▸ **TASK PROMPT**: The material below holds pictures; leave them out and reproduce exactly the lines from the one with "CONVERSE匡威官方 LOGO圖案T恤 男款" through the one with "Hotel Garni Pirchhütt", inclusive.

▸ **INFORMATION SUPPLIED**:

*** Block opens ***

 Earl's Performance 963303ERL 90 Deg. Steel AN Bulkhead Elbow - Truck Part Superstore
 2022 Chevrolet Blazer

*** Block closes ***
*** Block opens ***

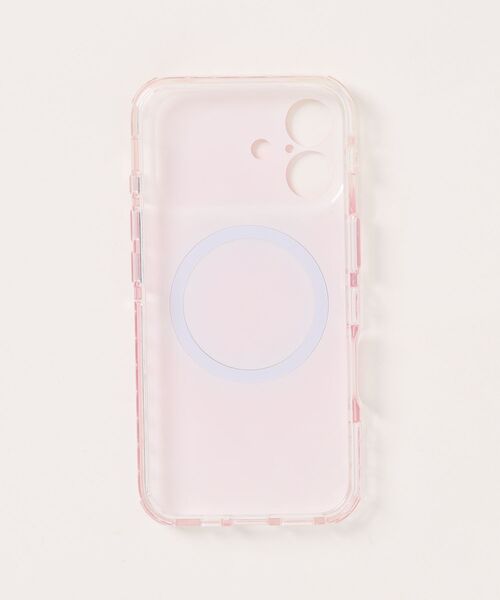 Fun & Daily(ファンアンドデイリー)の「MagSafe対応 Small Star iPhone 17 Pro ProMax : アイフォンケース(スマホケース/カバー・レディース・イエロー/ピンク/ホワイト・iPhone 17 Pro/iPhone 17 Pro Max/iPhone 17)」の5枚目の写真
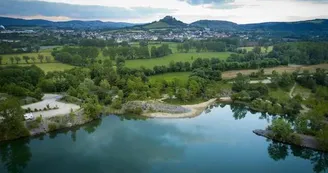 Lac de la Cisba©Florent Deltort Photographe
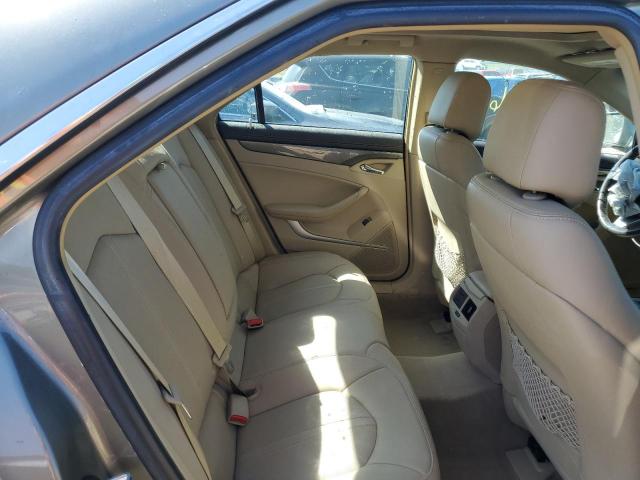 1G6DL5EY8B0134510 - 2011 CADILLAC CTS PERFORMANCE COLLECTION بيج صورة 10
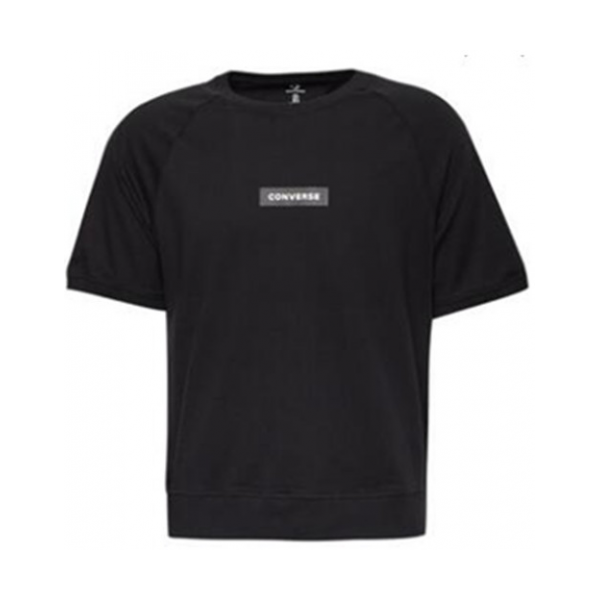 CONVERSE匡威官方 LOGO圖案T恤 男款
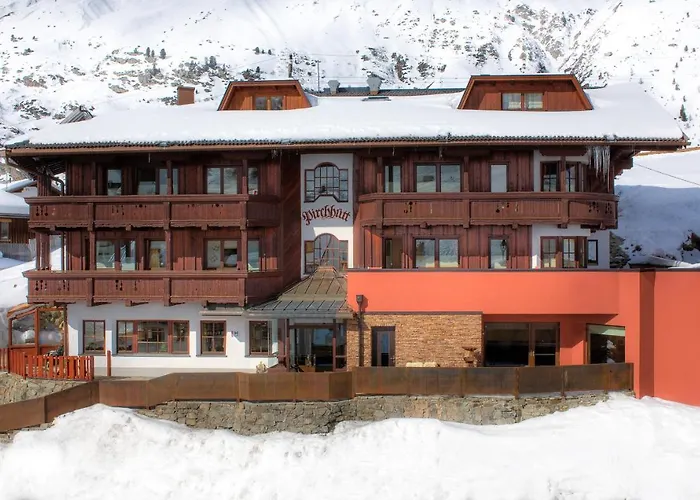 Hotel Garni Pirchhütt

*** Block closes ***

▸ **YOUR SOLUTION**:
 CONVERSE匡威官方 LOGO圖案T恤 男款
 Hotel Garni Pirchhütt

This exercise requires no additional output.